Maurice Soudieck Dione est enseignant-chercheur en sciences politiques à l’université Gaston-Berger de Saint-Louis au Sénégal.

Pr Maurice Soudieck Dione sur RFI : au Sénégal, « nous allons vers des élections législatives tronquées »

À moins de deux mois des élections législatives au Sénégal, le contexte politique se crispe. Le Conseil constitutionnel a décidé, vendredi soir, de rejeter les recours de la principale coalition d’opposition, « Yewwi askan wi », contre la décision du ministère de l’Intérieur de ne pas enregistrer la liste nationale de cette coalition, jugée irrecevable. Ce qui exclut du scrutin plusieurs figures de l’opposition, dont Ousmane Sonko. Maurice Soudieck Dione, professeur en Science politique à l’université Gaston-Berger de Saint-Louis, invité sur RFI fait une appréciation de la situation politique du pays.

RFI : Avec le rejet de la liste Yewwi Askan Wi, de nombreux leadeurs politiques sont exclus des législatives, va-t-on selon vous vers un scrutin faussé ou tronqué ?

Maurice Soudieck Dione : Naturellement, ce sont des élections qui vont être tronquées, parce qu’en réalité, le droit électoral, les procédures électorales, les considérations juridiques de forme, ne servent qu’à encadrer au mieux le processus électoral afin de permettre l’expression la plus fidèle et la plus sincère de la volonté populaire. Mais lorsque les procédures constituent en elles-mêmes un frein, c’est la démocratie qui prend un sacré coup, parce qu’en droit, l’accessoire suit le principal.
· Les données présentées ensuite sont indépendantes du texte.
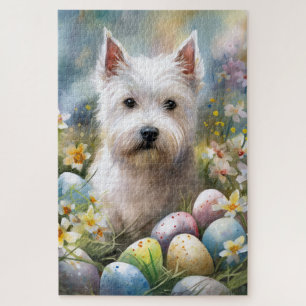 West Highland White Terrier Easter Eggs Holiday Puzzle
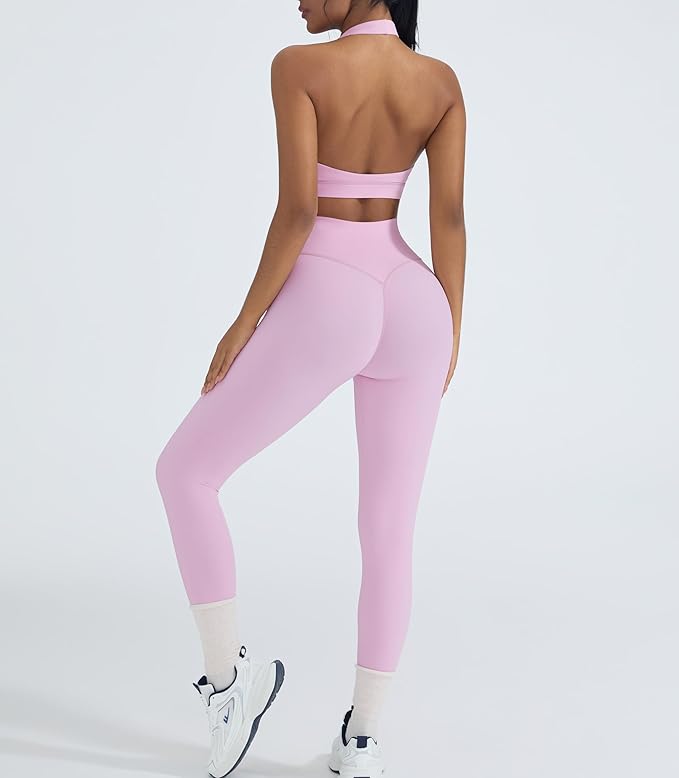 OMKAGI 2 Piece Workout Sets for Women Halter Sports Bras Gym Sets Booty Leggings Outfits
Donc, déjà, une liste où les titulaires sont invalidés pour laisser la place aux suppléants, ça pose déjà problème, encore que la loi électorale ne parle jamais de pluralité de liste, il n’y a pas une liste des titulaires et une liste des suppléants, il y a une liste composée de candidats titulaires et de candidats suppléants. Donc cette division de la liste qui est opérée par le Conseil constitutionnel pose problème, pourquoi laisser les suppléants pour invalider la liste des titulaires alors que le Conseil constitutionnel aurait pu faire l’inverse.

Les membres de Yewwi Askan Wi ont remis en cause l’impartialité du Conseil constitutionnel qui a suivi le point de vue du ministère de l’Intérieur. Cette remise en cause de l’indépendance du Conseil, elle est fondée selon vous ?

Tout cela crée une impression de manipulation des règles du jeu, d’autant plus qu’on a eu toujours cette suspicion vis-à-vis de l’administration quant à assurer la transparence des élections. On a eu ce problème depuis 1996 avec les élections locales de cette année-là, et on était sorti de cette impasse avec la création de l’Onel (Observatoire national des Elections) en 1997, et la nomination d’un ministre de l’Intérieur sans coloration partisane. Aujourd’hui, le processus électoral sénégalais semble reculer 25 ans en arrière, et là aussi c’est une situation qu’on a du mal à comprendre.

Les opposants affirment que Macky Sall aurait eu peur d’une cohabitation, c’était un scénario crédible ?

C’était un scénario crédible, parce qu’avec la coalition Wallu-Yewwi (alliance entre les deux grande coalition de l’opposition : la coalition YAW et la coalition Wallu), sachant que l’essentiel des députés sont élus sur le scrutin majoritaire à un tour au niveau des départements, je crois que l’opposition aurait pu faire une percée remarquable. Maintenant, avec l’invalidation de la liste des titulaires, cela crée une nouvelle difficulté pour cette coalition-là, parce que ce sont des têtes de pont, les leadeurs qui portent cette coalition, qui sont mis hors course. Quel va être l’impact de cette invalidation de la liste des titulaires ? Ça va être la grande question, donc il va y avoir un travail politique à faire pour voir quelle suite donner par rapport à cet état de fait.

L’opposition appelle à une marche mercredi, peut-on craindre un raidissement de la situation ? Des tensions ?

C’est possible, cela n’est pas à exclure, l’opposition semble déterminée, semble entrer dans une phase de radicalisation, il faut dire également que dans l’analyse du système politique sénégalais tel qu’il fonctionne depuis 1962 à peu près, on se rend compte que les constructions du pouvoir personnel durent à peu près huit ans, donc le président Sall a atteint son seuil de tolérance à l’autoritarisme, donc dans ces conditions, si on y ajoute la montée frénétique des prix des denrées de consommations courantes, et bien cela constitue un facteur détonnant, d’autant plus qu’on a un climat politique délétère marqué par toutes ces vicissitudes liées à l’organisation des élections législatives prochaines.